::: Data for this task :::
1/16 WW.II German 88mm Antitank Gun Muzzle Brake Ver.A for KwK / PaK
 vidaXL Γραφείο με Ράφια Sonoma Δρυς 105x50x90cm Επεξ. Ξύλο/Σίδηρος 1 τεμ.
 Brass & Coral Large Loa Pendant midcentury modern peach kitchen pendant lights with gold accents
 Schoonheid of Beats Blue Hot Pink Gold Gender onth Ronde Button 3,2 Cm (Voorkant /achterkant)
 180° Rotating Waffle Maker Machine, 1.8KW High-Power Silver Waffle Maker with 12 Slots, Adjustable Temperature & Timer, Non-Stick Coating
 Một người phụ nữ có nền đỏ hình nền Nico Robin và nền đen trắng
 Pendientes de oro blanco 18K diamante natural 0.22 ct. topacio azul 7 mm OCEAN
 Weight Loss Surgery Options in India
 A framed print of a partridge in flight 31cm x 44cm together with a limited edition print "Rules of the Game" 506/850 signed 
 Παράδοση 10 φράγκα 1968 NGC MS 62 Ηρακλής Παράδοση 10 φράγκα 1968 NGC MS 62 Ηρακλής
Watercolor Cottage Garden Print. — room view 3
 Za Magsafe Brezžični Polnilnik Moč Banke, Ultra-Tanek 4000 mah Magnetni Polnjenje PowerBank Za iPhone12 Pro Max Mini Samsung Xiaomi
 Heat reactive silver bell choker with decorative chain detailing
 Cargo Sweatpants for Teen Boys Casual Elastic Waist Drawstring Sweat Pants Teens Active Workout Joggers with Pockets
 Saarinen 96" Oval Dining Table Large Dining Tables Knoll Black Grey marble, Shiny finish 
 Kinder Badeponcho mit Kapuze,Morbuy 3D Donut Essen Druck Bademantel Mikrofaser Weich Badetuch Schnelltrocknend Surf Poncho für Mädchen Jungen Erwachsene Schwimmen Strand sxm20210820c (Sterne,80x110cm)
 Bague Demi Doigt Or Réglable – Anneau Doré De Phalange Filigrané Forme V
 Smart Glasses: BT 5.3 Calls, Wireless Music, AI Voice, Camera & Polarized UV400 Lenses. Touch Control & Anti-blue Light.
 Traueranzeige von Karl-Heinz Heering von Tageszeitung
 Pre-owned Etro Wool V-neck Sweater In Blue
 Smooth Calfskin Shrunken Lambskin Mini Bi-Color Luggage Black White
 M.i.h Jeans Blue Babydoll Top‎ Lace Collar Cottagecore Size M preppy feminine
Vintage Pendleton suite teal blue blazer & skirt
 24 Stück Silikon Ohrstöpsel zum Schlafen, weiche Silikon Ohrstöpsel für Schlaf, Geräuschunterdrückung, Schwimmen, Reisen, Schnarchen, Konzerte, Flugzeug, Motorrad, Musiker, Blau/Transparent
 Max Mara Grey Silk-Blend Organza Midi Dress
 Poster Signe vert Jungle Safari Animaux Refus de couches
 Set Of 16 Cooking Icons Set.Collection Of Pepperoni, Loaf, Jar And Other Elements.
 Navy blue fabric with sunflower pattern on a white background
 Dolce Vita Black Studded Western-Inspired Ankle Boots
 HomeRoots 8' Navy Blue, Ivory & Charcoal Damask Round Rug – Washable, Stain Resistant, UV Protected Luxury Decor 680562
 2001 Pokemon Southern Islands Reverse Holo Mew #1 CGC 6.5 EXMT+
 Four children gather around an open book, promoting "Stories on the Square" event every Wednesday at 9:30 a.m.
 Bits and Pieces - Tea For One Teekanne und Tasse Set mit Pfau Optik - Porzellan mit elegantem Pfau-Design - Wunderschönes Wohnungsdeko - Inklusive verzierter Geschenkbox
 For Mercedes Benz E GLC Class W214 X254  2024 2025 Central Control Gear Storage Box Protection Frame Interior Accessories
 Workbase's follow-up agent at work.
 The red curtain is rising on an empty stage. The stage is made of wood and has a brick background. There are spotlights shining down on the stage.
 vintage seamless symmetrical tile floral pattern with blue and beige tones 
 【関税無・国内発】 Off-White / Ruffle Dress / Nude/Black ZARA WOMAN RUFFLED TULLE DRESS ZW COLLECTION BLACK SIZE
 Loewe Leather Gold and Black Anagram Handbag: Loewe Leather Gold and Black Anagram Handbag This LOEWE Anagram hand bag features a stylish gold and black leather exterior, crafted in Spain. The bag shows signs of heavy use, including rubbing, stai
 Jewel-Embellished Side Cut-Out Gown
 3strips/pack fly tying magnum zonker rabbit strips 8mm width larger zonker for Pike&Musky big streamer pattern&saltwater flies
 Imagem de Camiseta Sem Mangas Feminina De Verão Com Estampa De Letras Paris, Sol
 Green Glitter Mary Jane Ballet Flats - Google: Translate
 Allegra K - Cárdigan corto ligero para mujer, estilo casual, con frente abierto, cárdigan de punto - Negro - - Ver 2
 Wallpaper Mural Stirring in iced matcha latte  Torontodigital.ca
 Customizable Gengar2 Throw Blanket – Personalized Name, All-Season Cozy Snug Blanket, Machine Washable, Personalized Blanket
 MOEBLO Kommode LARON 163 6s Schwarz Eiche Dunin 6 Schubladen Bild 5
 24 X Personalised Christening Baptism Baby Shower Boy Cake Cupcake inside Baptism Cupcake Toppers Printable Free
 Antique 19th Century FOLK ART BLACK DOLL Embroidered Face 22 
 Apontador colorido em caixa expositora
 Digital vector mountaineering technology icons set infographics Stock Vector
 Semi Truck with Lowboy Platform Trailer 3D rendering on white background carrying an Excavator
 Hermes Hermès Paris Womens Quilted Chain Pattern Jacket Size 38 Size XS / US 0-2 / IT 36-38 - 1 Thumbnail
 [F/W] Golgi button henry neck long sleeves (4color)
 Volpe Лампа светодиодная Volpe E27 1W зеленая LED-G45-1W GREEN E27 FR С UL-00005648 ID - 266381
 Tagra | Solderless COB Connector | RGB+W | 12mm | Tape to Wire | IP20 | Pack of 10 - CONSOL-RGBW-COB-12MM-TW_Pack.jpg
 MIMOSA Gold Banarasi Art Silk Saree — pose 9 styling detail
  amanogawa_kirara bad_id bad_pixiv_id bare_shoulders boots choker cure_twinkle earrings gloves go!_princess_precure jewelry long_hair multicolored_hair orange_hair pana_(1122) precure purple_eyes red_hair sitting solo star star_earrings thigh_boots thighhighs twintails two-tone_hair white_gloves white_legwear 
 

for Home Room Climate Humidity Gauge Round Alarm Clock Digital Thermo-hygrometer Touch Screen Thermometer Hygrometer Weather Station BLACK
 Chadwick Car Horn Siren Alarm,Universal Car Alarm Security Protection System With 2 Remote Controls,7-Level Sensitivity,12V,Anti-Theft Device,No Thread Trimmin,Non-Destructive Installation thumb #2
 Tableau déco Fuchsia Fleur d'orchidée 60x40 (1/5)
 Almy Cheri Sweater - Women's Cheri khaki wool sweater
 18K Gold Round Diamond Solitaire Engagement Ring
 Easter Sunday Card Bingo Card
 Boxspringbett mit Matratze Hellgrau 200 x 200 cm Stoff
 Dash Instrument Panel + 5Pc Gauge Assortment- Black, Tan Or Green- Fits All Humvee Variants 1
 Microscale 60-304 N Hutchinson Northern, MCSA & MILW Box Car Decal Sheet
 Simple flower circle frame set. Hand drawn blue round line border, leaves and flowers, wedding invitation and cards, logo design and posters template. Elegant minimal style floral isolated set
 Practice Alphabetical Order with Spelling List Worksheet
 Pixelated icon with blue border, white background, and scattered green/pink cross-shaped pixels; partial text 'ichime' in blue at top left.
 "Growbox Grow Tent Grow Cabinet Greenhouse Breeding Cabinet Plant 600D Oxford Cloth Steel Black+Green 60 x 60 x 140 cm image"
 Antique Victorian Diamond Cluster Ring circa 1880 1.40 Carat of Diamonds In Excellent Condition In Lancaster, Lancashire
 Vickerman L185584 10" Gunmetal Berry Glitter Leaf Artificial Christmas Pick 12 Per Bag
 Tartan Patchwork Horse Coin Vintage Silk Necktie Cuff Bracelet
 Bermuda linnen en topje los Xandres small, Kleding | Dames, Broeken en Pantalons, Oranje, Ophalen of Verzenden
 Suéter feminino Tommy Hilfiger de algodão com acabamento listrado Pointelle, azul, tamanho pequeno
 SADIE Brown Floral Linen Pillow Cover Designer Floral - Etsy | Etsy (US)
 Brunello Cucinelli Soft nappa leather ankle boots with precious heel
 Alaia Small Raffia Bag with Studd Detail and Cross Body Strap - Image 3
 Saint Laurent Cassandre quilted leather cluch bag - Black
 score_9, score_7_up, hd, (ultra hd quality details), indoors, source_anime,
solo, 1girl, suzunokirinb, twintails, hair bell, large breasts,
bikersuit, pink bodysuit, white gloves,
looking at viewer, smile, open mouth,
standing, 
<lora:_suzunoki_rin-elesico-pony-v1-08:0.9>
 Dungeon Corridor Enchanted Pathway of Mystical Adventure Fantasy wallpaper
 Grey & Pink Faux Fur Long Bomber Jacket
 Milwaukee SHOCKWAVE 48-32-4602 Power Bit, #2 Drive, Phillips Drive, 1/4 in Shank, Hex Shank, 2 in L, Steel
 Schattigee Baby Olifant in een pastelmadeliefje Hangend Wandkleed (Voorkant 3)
:::
In the data above, find the line with "COLLECTION BLACK SIZE" and the line with "MIMOSA Gold Banarasi". Retype both, plus every line between them, exactly.

 【関税無・国内発】 Off-White / Ruffle Dress / Nude/Black ZARA WOMAN RUFFLED TULLE DRESS ZW COLLECTION BLACK SIZE
 Loewe Leather Gold and Black Anagram Handbag: Loewe Leather Gold and Black Anagram Handbag This LOEWE Anagram hand bag features a stylish gold and black leather exterior, crafted in Spain. The bag shows signs of heavy use, including rubbing, stai
 Jewel-Embellished Side Cut-Out Gown
 3strips/pack fly tying magnum zonker rabbit strips 8mm width larger zonker for Pike&Musky big streamer pattern&saltwater flies
 Imagem de Camiseta Sem Mangas Feminina De Verão Com Estampa De Letras Paris, Sol
 Green Glitter Mary Jane Ballet Flats - Google: Translate
 Allegra K - Cárdigan corto ligero para mujer, estilo casual, con frente abierto, cárdigan de punto - Negro - - Ver 2
 Wallpaper Mural Stirring in iced matcha latte  Torontodigital.ca
 Customizable Gengar2 Throw Blanket – Personalized Name, All-Season Cozy Snug Blanket, Machine Washable, Personalized Blanket
 MOEBLO Kommode LARON 163 6s Schwarz Eiche Dunin 6 Schubladen Bild 5
 24 X Personalised Christening Baptism Baby Shower Boy Cake Cupcake inside Baptism Cupcake Toppers Printable Free
 Antique 19th Century FOLK ART BLACK DOLL Embroidered Face 22 
 Apontador colorido em caixa expositora
 Digital vector mountaineering technology icons set infographics Stock Vector
 Semi Truck with Lowboy Platform Trailer 3D rendering on white background carrying an Excavator
 Hermes Hermès Paris Womens Quilted Chain Pattern Jacket Size 38 Size XS / US 0-2 / IT 36-38 - 1 Thumbnail
 [F/W] Golgi button henry neck long sleeves (4color)
 Volpe Лампа светодиодная Volpe E27 1W зеленая LED-G45-1W GREEN E27 FR С UL-00005648 ID - 266381
 Tagra | Solderless COB Connector | RGB+W | 12mm | Tape to Wire | IP20 | Pack of 10 - CONSOL-RGBW-COB-12MM-TW_Pack.jpg
 MIMOSA Gold Banarasi Art Silk Saree — pose 9 styling detail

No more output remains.